A small number of alleged Hypogea, earthen structures carved into rocks that were used for burials, have been identified on the islands of Corvo, Santa Maria and Terceira by Portuguese archaeologist Nuno Ribeiro and speculations were published that they might date back 2000 years, alluding to a human presence on the island before the Portuguese. However, these kind of structures have always been used in the Azores to store cereals and suggestions by Ribeiro that they might be burial sites are unconfirmed. Detailed examination and dating to authenticate the validity of these speculations is lacking. So far, it is unclear whether these structures are natural or man-made and they predate the 15th-century Portuguese colonization of the Azores. Solid confirmation of a pre-Portuguese human presence in the archipelago has not yet been published.
The discovery and settlement of the Azores archipelago, much like the islands of Madeira, is one of the more controversial aspects of the Portuguese Age of Discovery.
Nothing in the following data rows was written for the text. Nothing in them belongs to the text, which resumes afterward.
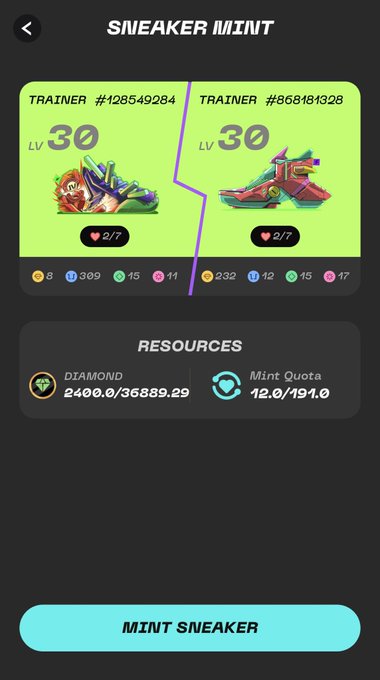 Sneaker Mint app screen showing two Level 30 trainers (#428549284 and #868181328) with 2/7 hearts each, diamond balance of 2400.0/36889.29, and Mint Quota of 12.0/191.0.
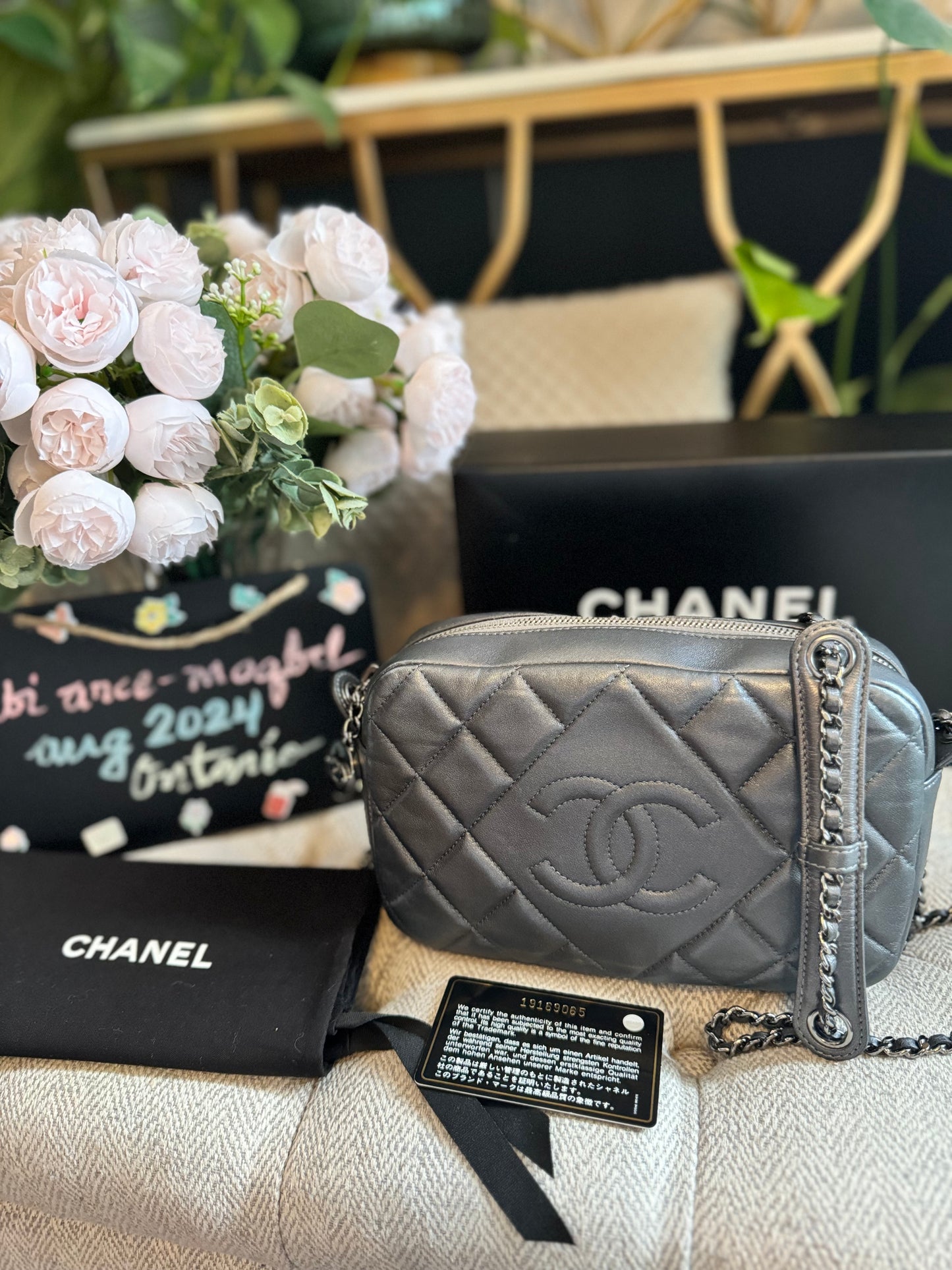 Chanel Diamond Stitch Camera Bag in Dark Silver Grey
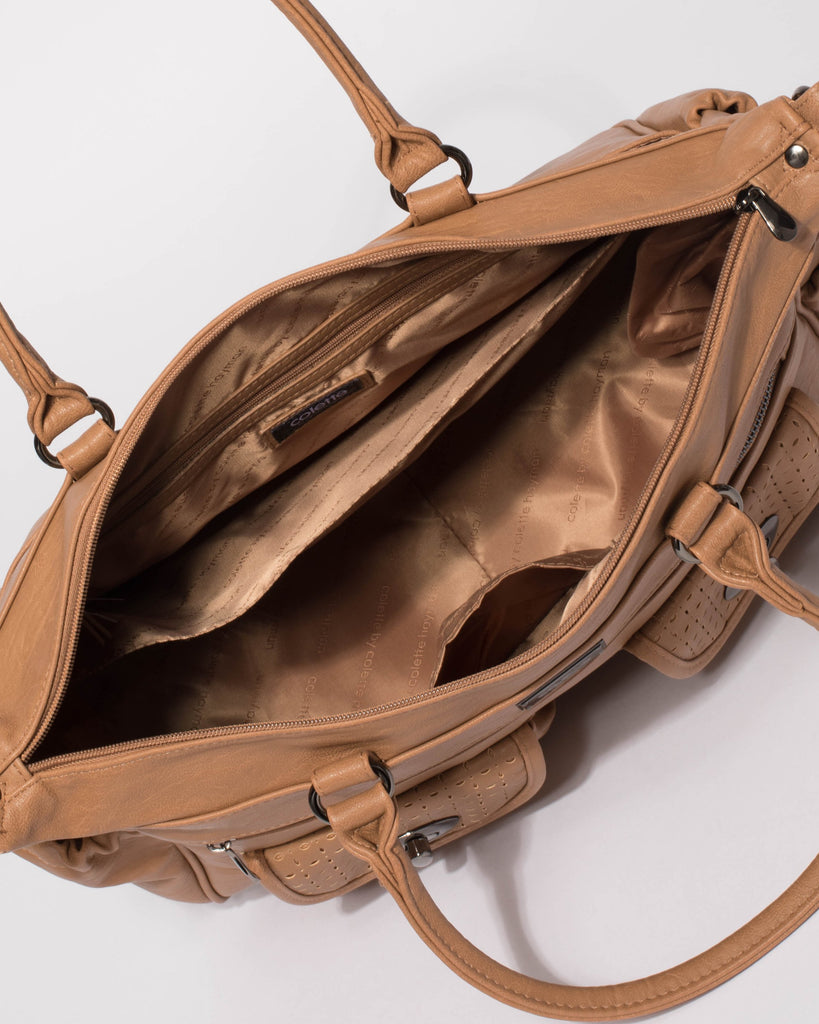 Caramel Baby Travel Bag With Gunmetal Hardware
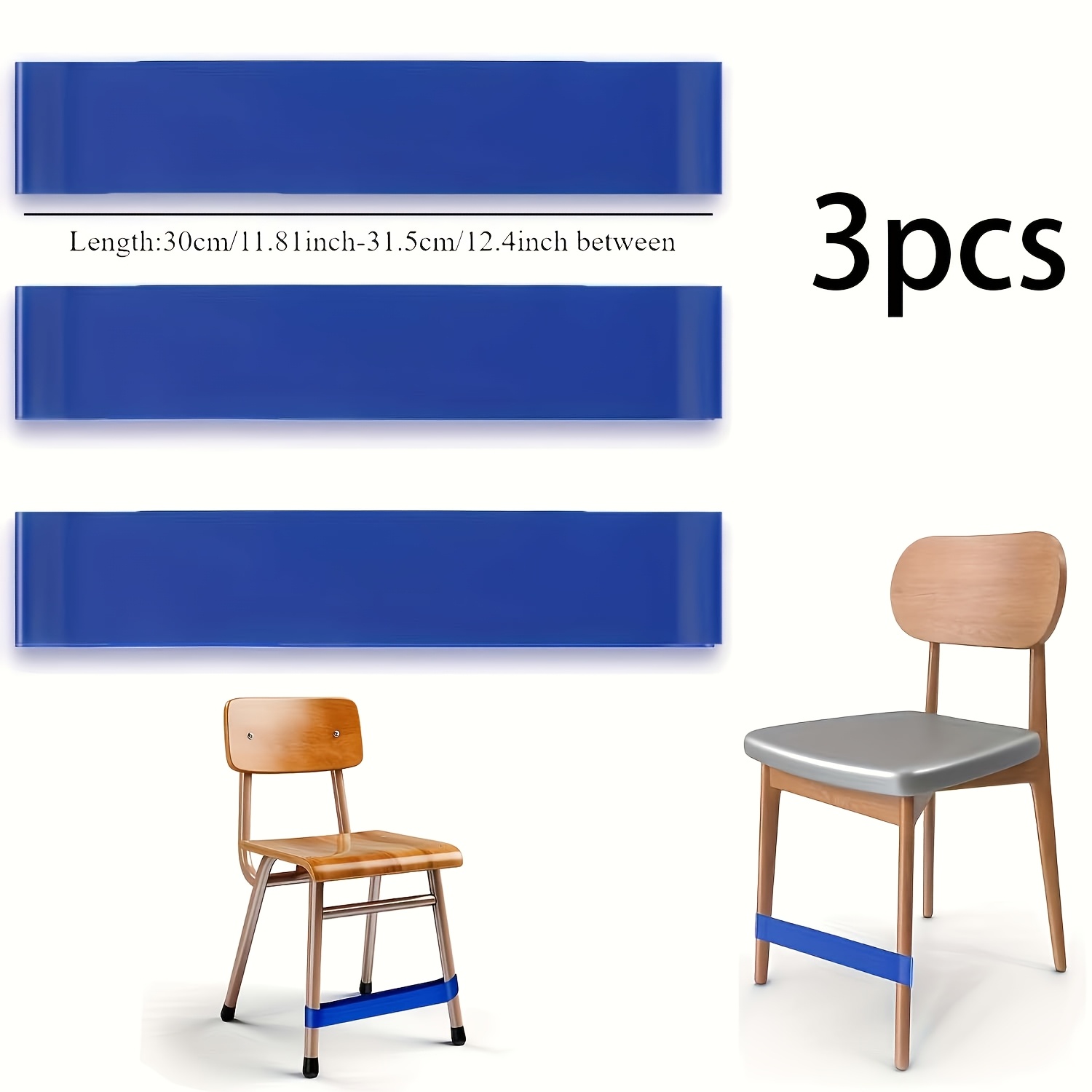 TEMU Lot de 3 sangles de chaise bleues en TPE, sangles de chaise flexibles et durables, sangles de chaise sensorielles confortables pour salle de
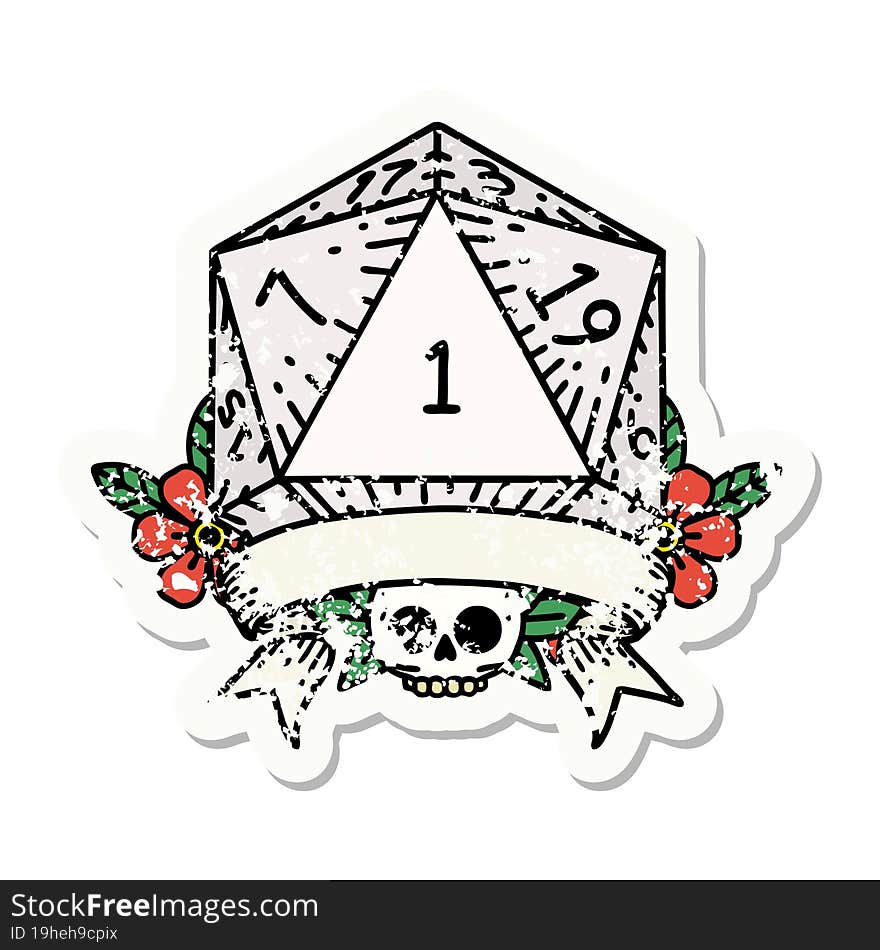 grunge sticker of a natural one d20 dice roll. grunge sticker of a natural one d20 dice roll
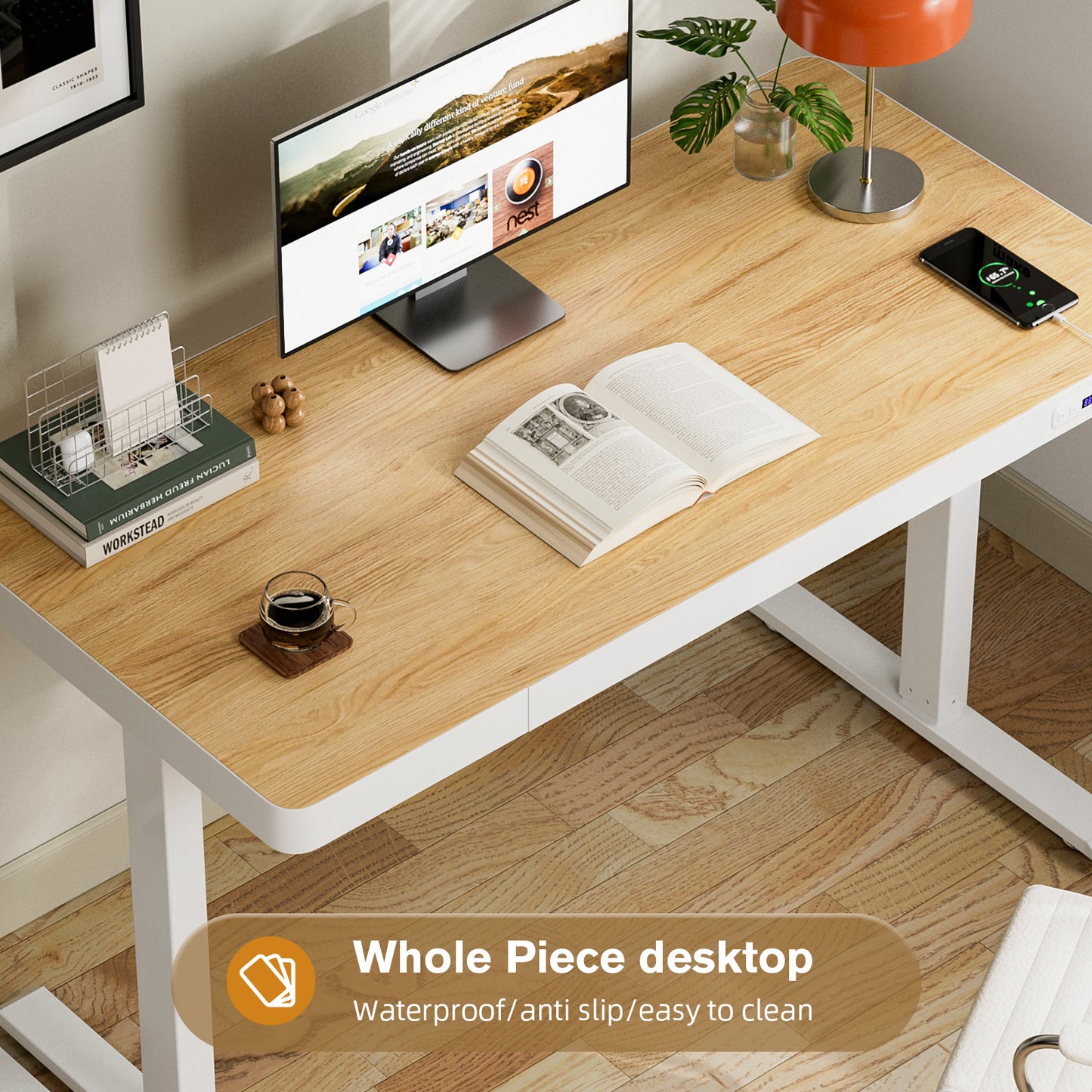 Avoltrix Electric Standing Desk with Drawer, USB Ports & Power Outlets – Height Adjustable, 120×60CM Maple Finish Table for Home Office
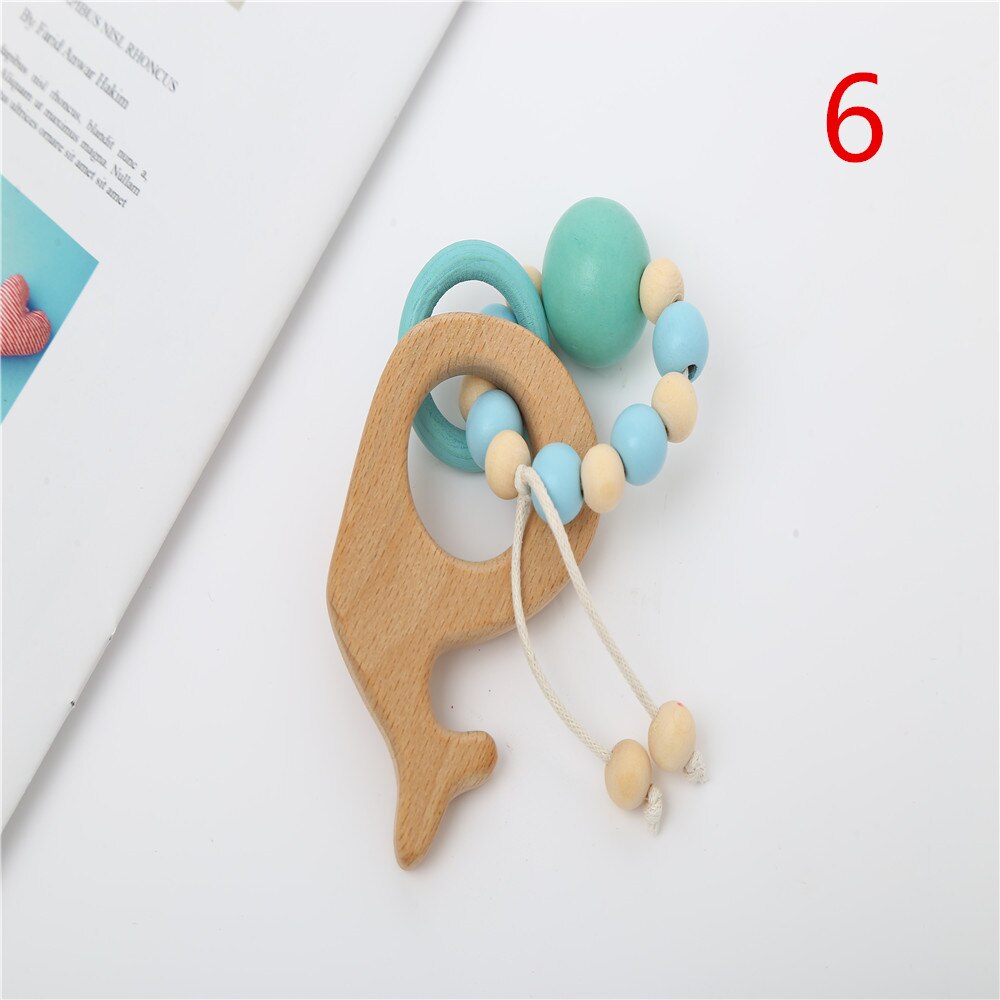 1Pc Hout Armband Dier Vormige Baby Organische Houten Siliconen Kralen Baby Molaire Speelgoed Voor Kids: 6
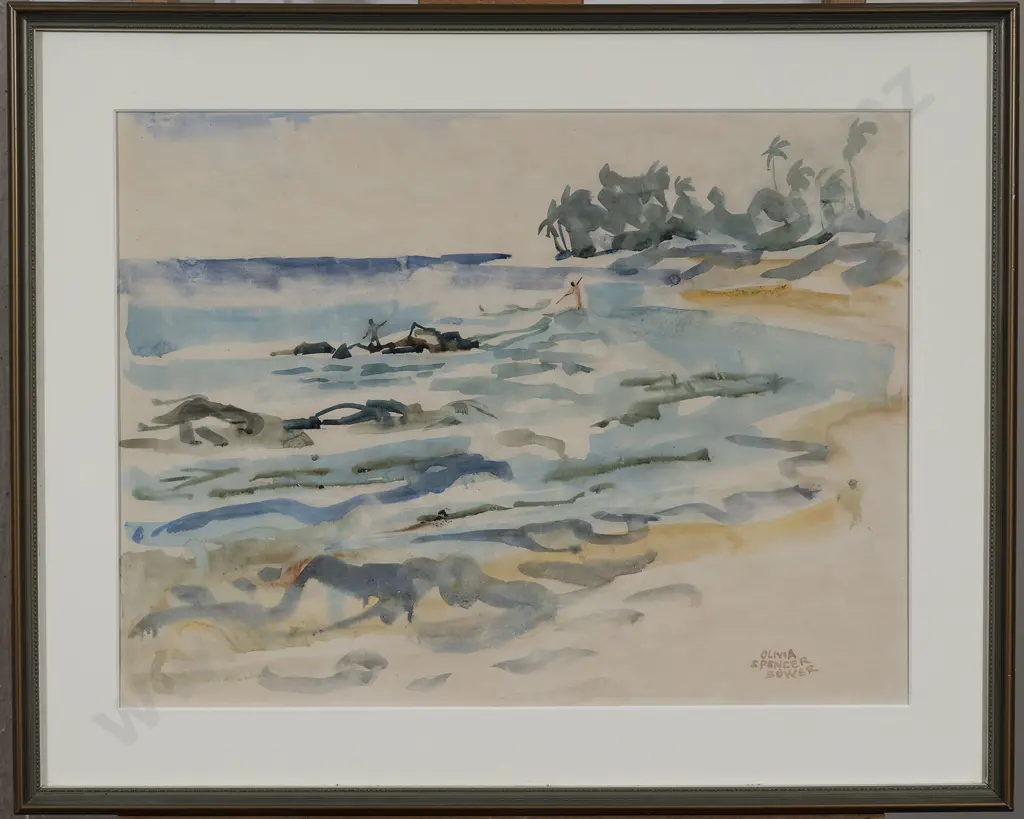 Olivia Spencer Bower (1905 - 1982) - Untitled (Ocean Landscape) Image 1++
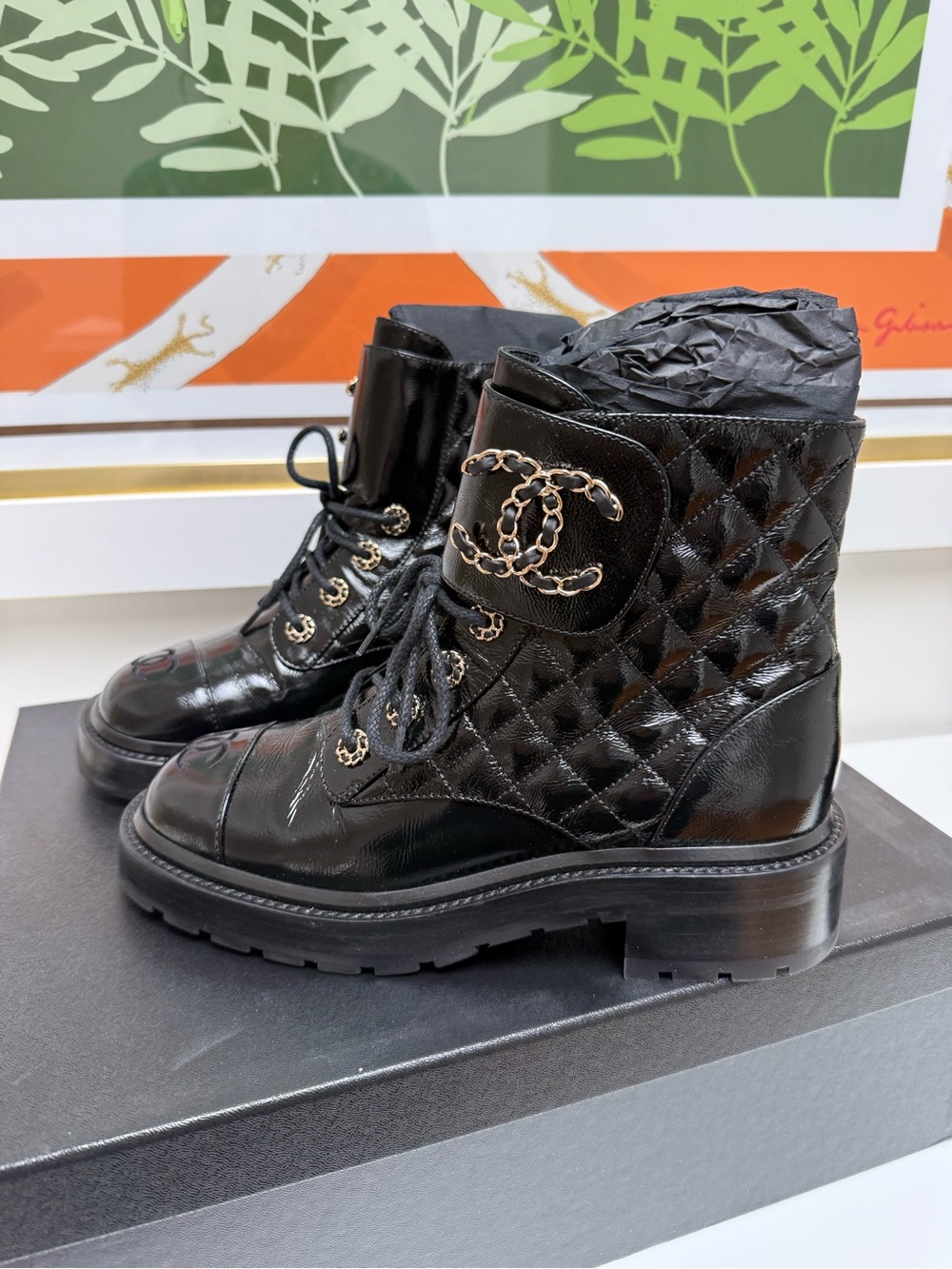 CHANEL Black Patent Leather Quilted Combat Boots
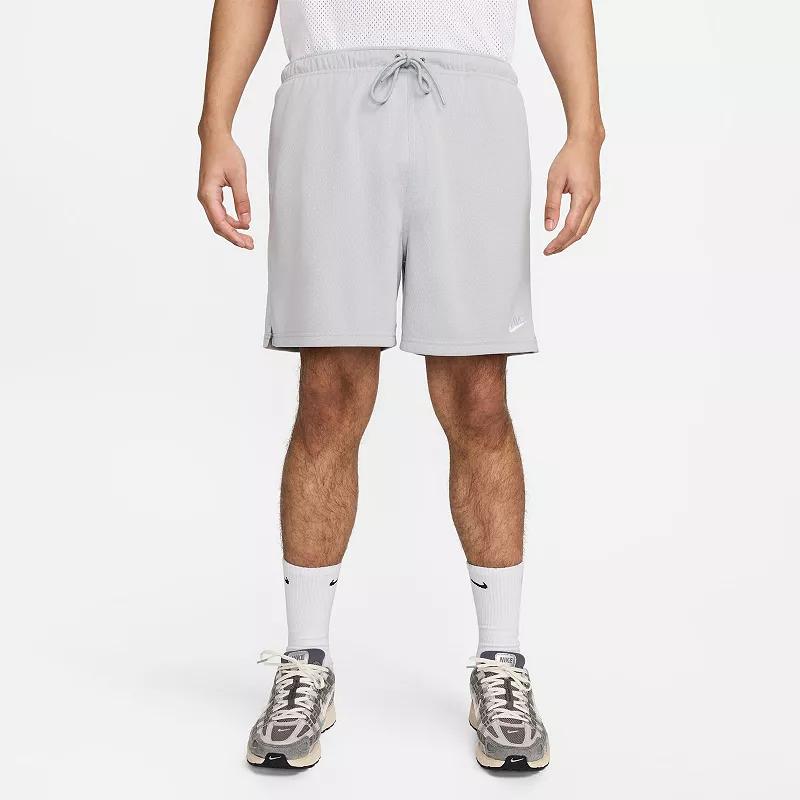 Nike Mens Nike Club Flow Mesh Shorts - Mens White/Light Smoke Grey Product Image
In addition to many theories, myths and stories written about the Azores there have been various Genoese and Catalan maps produced since 1351 that identified islands in the Atlantic. Some chroniclers note that sailors knew of the islands, and visited them during return voyages from the Canary Islands (about 1340–1345), during the reign of King Afonso IV. In "A History of the Azores" by Thomas Ashe written in 1813 the author identified a Fleming, Joshua Vander Berg of Bruges, who made land in the archipelago during a storm on his way to Lisbon. Ashe then claimed that the Portuguese explored the area and claimed it for Portugal shortly after. Other stories note the discovery of the first islands (São Miguel Island, Santa Maria Island and Terceira Island) were made by sailors in the service of Henry the Navigator, although there are few written documents to support the claims. Supporting the official history of the islands are latter day writings, based on oral tradition, that appeared in the first half of the 15th century. Legends and myths also developed during pre-official history to include myths about Prester John, the "Ilhas Afortunadas" (the Fortunate Isles), the "Ilhas Azuis" (the Blue Islands), the "Ilhas Cassiterides" (the islands of Tin and Silver) or "Ilhas de Sete Cidades" (the islands of the Seven Cities), all noting the knowledge of undiscovered lands in the middle of the Atlantic.
Officially, the first islands were "discovered" in the 15th century (in 1431) by Gonçalo Velho Cabral a Captain in the service of Infante D. Henrique, though credit is also given to the explorer Diogo de Silves (in 1427).